The latter was a reference to a communist group based in South Vietnam. Historian Stanley Karnow, author of "Vietnam: A History," described the Provisional Revolutionary Government as "an arm of the North Vietnamese government." Madam Nguyen Thi Binh was a leader of the group and had a list of peace-talk points, including the suggestion that US prisoners of war would be released when American forces withdrew.

After their May 1970 marriage, Kerry traveled to Paris with his wife, Julia Thorne, on a private trip, Meehan said. Kerry did not go to Paris with the intention of meeting with participants in the peace talks or involving himself in the negotiations, Meehan added, saying that while there Kerry had his brief meeting with Binh, which included members of both delegations to the peace talks.

Julia Thorne and John Kerry in 1972

Note that in Kerry’s 1971 Senate testimony, after he finished his prepared statement, he was asked for his advice on how to end the war. What he suggested was accept the terms of the Vietcong as presented to me by their Foreign Minister Madam Binh. He reiterated this several times over the rest of his lengthy comments to the Senate.

Indeed, Kerry was a major propagandist for the so-called "People’s Peace Treaty." His group, the VVAW had signed it–in a ceremony–and Kerry promoted it at every opportunity. This "treaty" incorporated every one of the Vietcong’s points.

Here are all eight of Madam Binh’s points (Binh was the Foreign Minister for the Vietcong) spelled out in the "People’s Peace Treaty" that Kerry and the VVAW and signed, and which they demanded the US sign with North Vietnam and the National Liberation Front:

Joint Treaty of Peace Between the People of The United States of America, South Vietnam and North Vietnam

Preamble

Be it known that the American people and the Vietnamese people are not enemies. The war is carried out in the names of the people of the United States and South Vietnam, but without our consent. It destroys the land and people of Vietnam. It drains America of its resources, its youth, and its honor.

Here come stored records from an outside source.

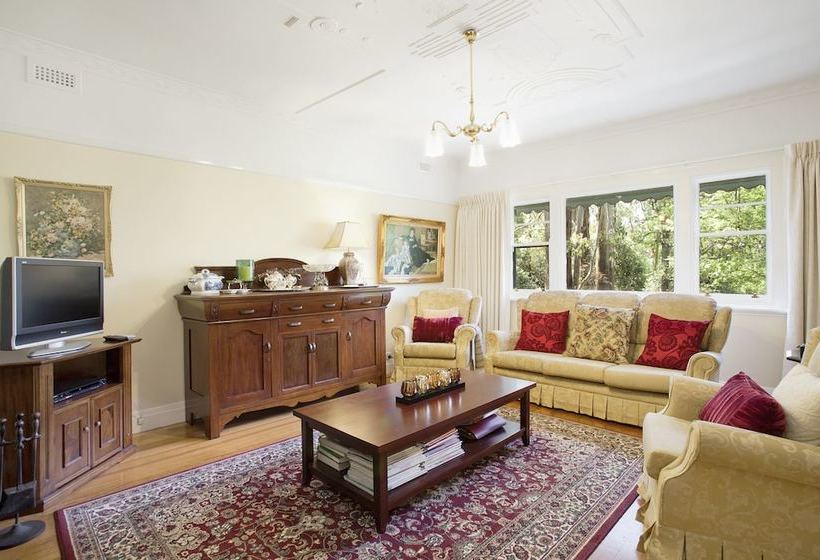 Отель Adeline Bed And Breakfast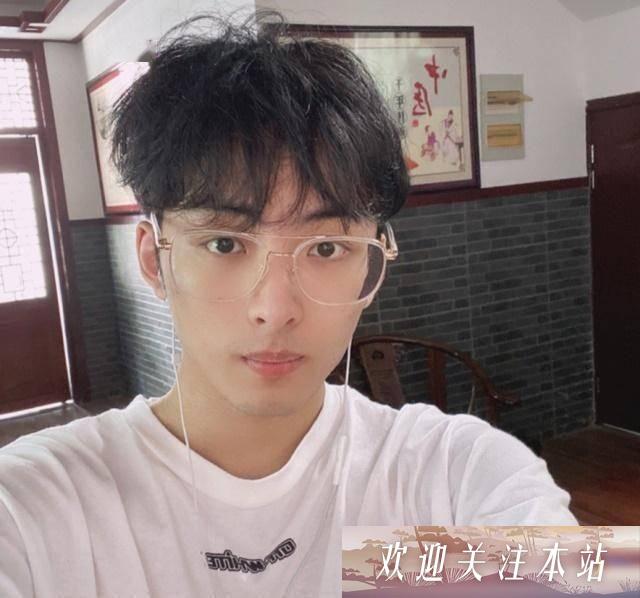 《赖神与瓜妹分手风波: 网络名人的爱情教训》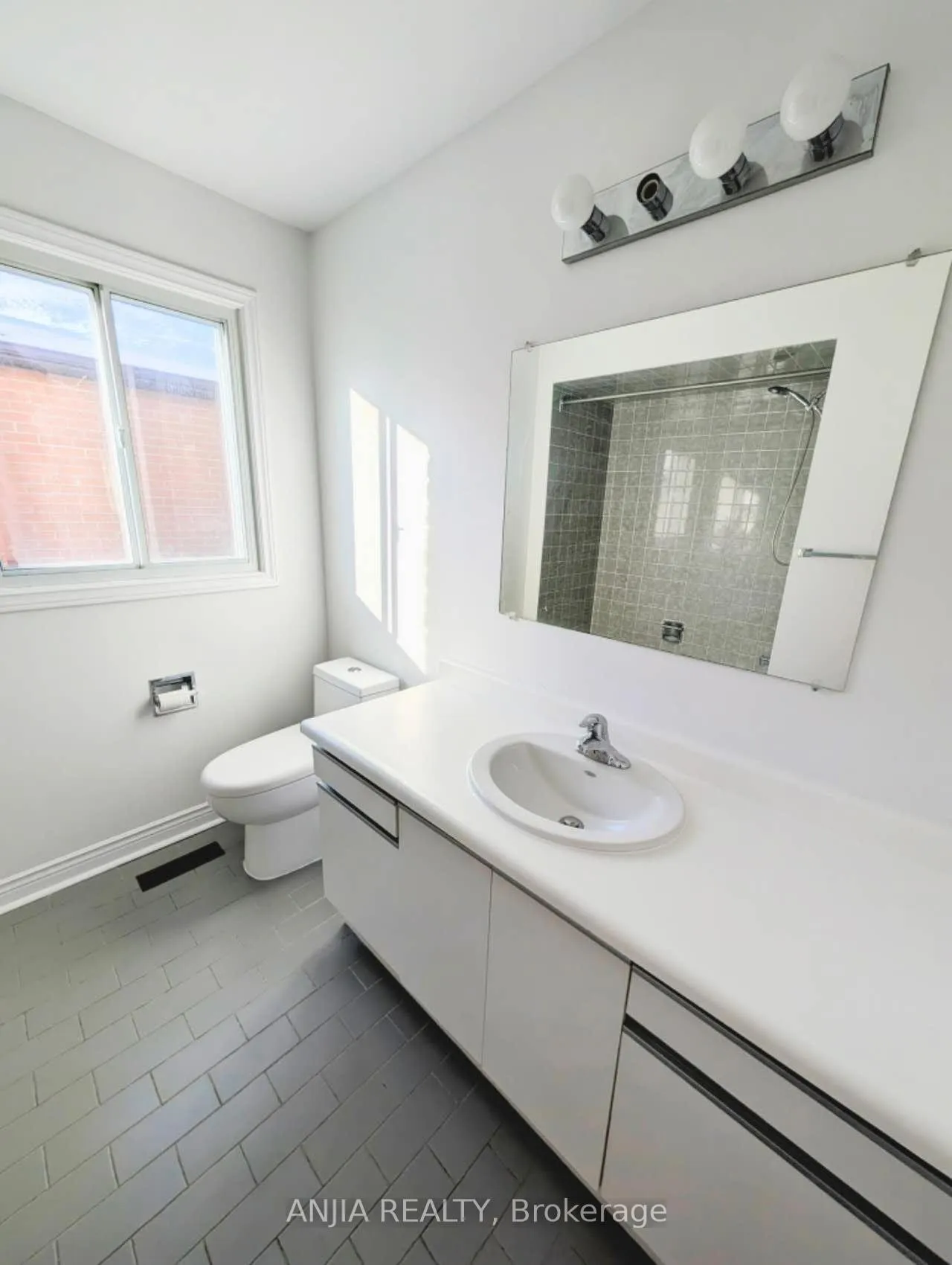 Photo 13 of 50 Summerdale Drive, Markham, Thornlea — HOMEH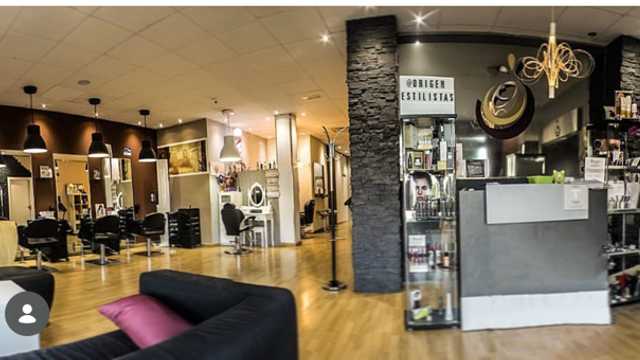 Técnico/a de Uñas y Pestañas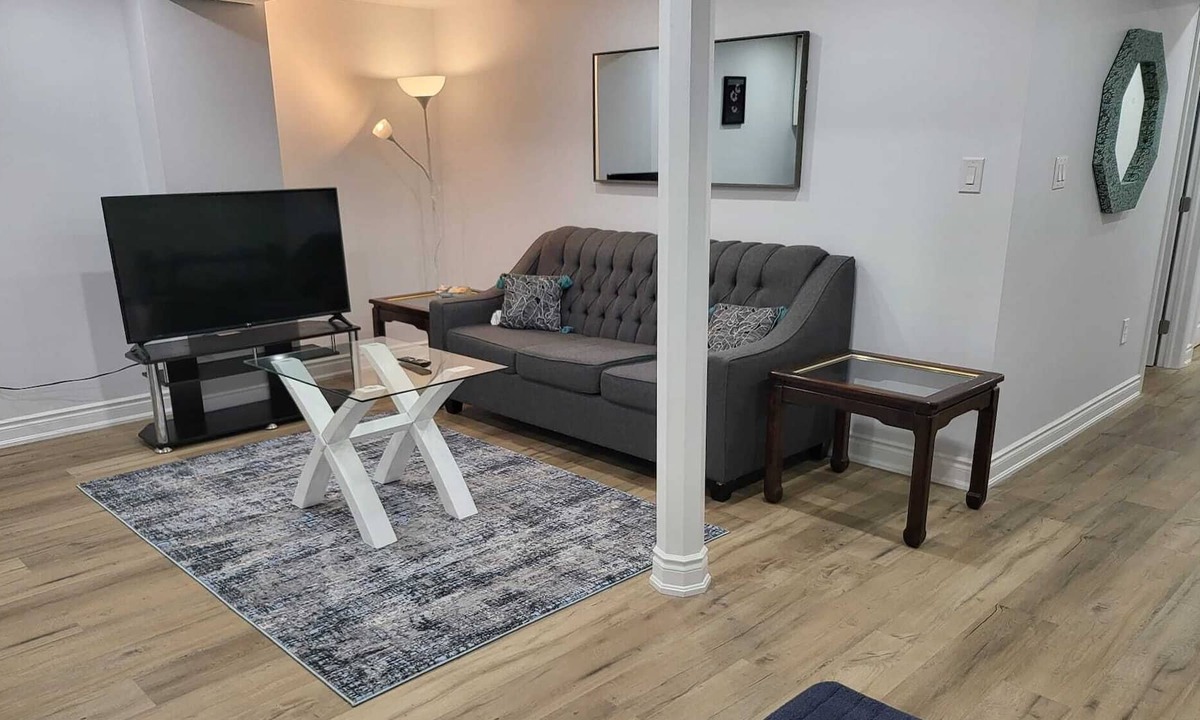 East Credit Apartment | Beautiful 2 Bedroom lower Suite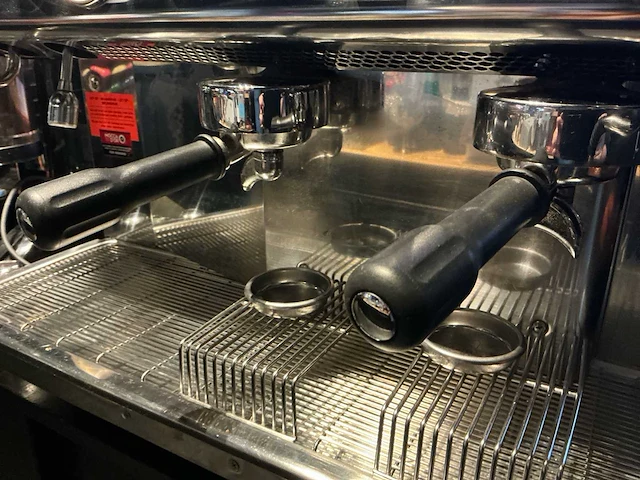 Coffema leona barista machine met losse koffiebonen maler - afbeelding 20 van  20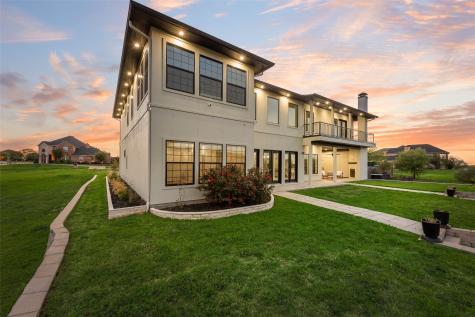 464 Breezeway Court Cedar Hill TX 75104
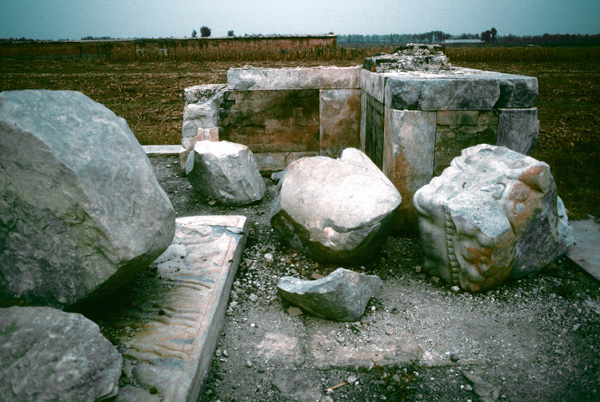 Ruins, Eastern Qing Tombs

We hereby agree to end the war on the following terms, so that both peoples can live under the joy of independence and can devote themselves to building a society based on human equality and respect for the earth. In rejecting the war we also reject all forms of racism and discrimination against people based on color, class, sex, national origin, and ethnic grouping which form the basis of the war policies, past and present, of the United States government.

Terms of Peace Treaty

1. The Americans agree to immediate and total withdrawal from Vietnam, and publicly to set the date by which all U.S. military forces will be removed.
2. The Vietnamese pledge that as soon as the U. S. government publicly sets a date for total withdrawal: they will enter discussions to secure the release of all American prisoners, including pilots captured while bombing North Vietnam.
3. There will be an immediate cease-fire between U. S. forces and those led by the Provisional Revolutionary Government of South Vietnam.
4. They will enter discussions on the procedures to guarantee the safety of all withdrawing troops.
5. The Americans pledge to end the imposition of Thieu-Ky-Khiem on the people of South Vietnam in order to insure their right to self-determination and so that all political prisoners can be released.
6. The Vietnamese pledge to form a provisional coalition government to organize democratic elections. All parties agree to respect the results of elections in which all South Vietnamese can participate freely without the presence of any foreign troops.
7. The South Vietnamese pledge to enter discussion of procedures to guarantee the safety and political freedom of those South Vietnamese who have collaborated with the U. S. or with U. S. -supported regimes.
8. The Americans and Vietnamese agree to respect the independence, peace and neutrality of Laos and Cambodia in accord with the 1954 and 1962 Geneva Conventions and not to interfere in the internal affairs of these two countries.
9. Upon these points of agreement, we pledge to end the war and resolve all other questions in the spirit of self-determination and mutual respect for the independence and political freedom of the people of Vietnam and the United States.

Pledge

By ratifying this agreement, we pledge to take whatever actions are appropriate to implement the terms of the People to people Treaty and to insure its acceptance by the government of the United States.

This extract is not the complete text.